◆ What needs to be done
Without the pictures, write out every entry that follows exactly.

Data records:

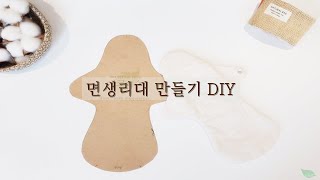 면생리대만들기 DIY ⓦ에코어스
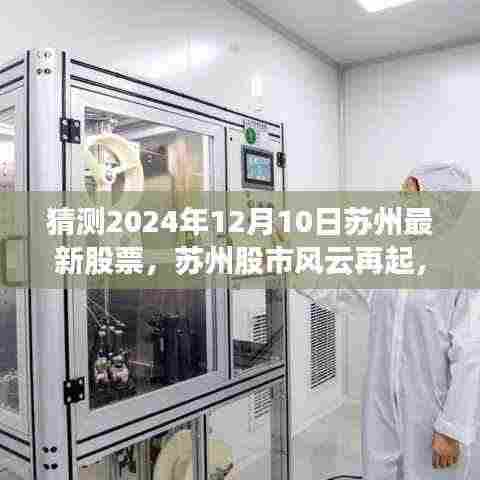苏州股市风云揭秘,揭秘最新股票动态,学习变化,自信成就未来篇章(2024年12月10日股市展望)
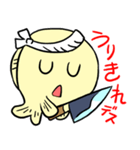 おさかな板前 どんどんちゃん（個別スタンプ：10）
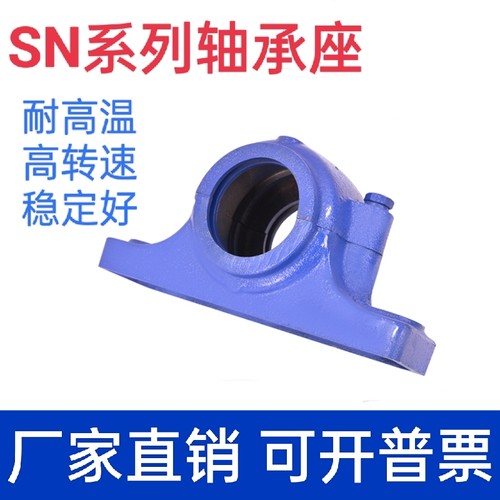 铸铁重型座轴壳瓦盒HRKZ/海瑞凯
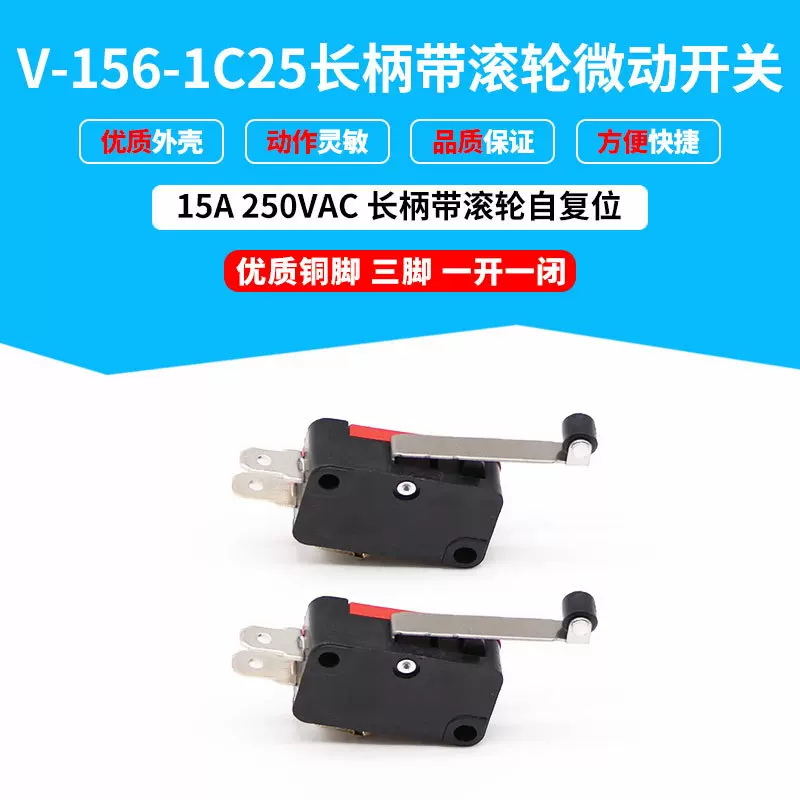 微动开关V-156-1C25  带长柄带轮 红黑色三只脚 小行程限位开关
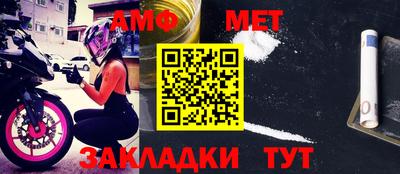 MESCALINE Малоярославец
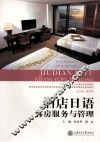 酒店日语  客房服务与管理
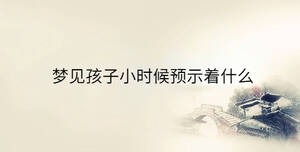 /nameask/36742.html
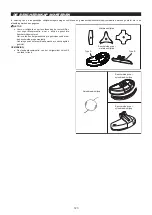 Предварительный просмотр 123 страницы Makita EM4350RH Instruction Manual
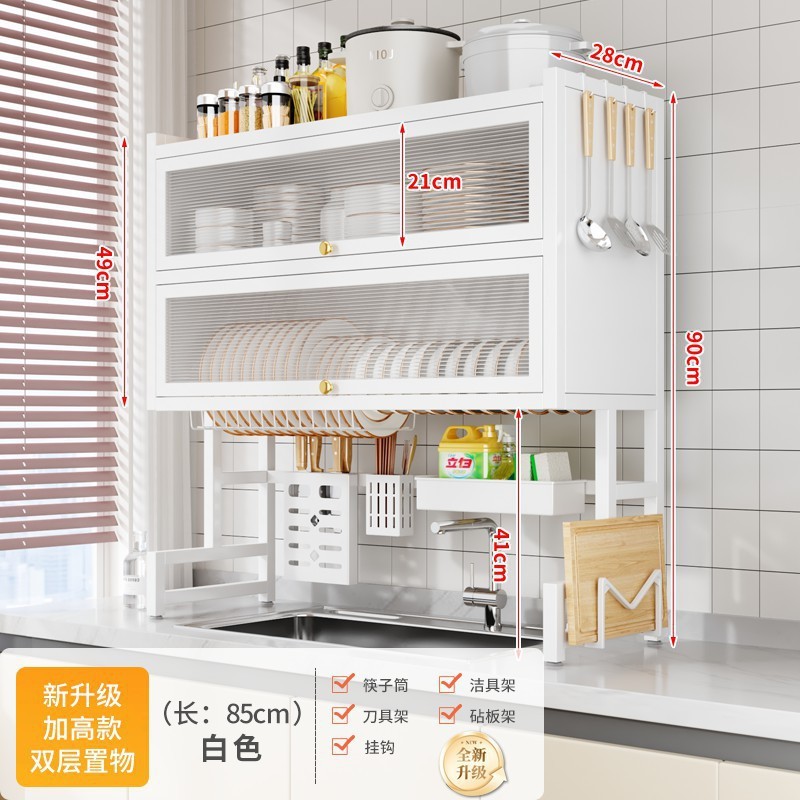 二層キッチンシンク収納ラック食器洗いシンクカウンタートップ防塵食器棚収納食器収納排水ラック|undefined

◆ Response below
 면생리대만들기 DIY ⓦ에코어스
苏州股市风云揭秘,揭秘最新股票动态,学习变化,自信成就未来篇章(2024年12月10日股市展望)
 おさかな板前 どんどんちゃん（個別スタンプ：10）
 铸铁重型座轴壳瓦盒HRKZ/海瑞凯
 微动开关V-156-1C25  带长柄带轮 红黑色三只脚 小行程限位开关
 MESCALINE Малоярославец
 酒店日语  客房服务与管理
 /nameask/36742.html
 Предварительный просмотр 123 страницы Makita EM4350RH Instruction Manual
 二層キッチンシンク収納ラック食器洗いシンクカウンタートップ防塵食器棚収納食器収納排水ラック|undefined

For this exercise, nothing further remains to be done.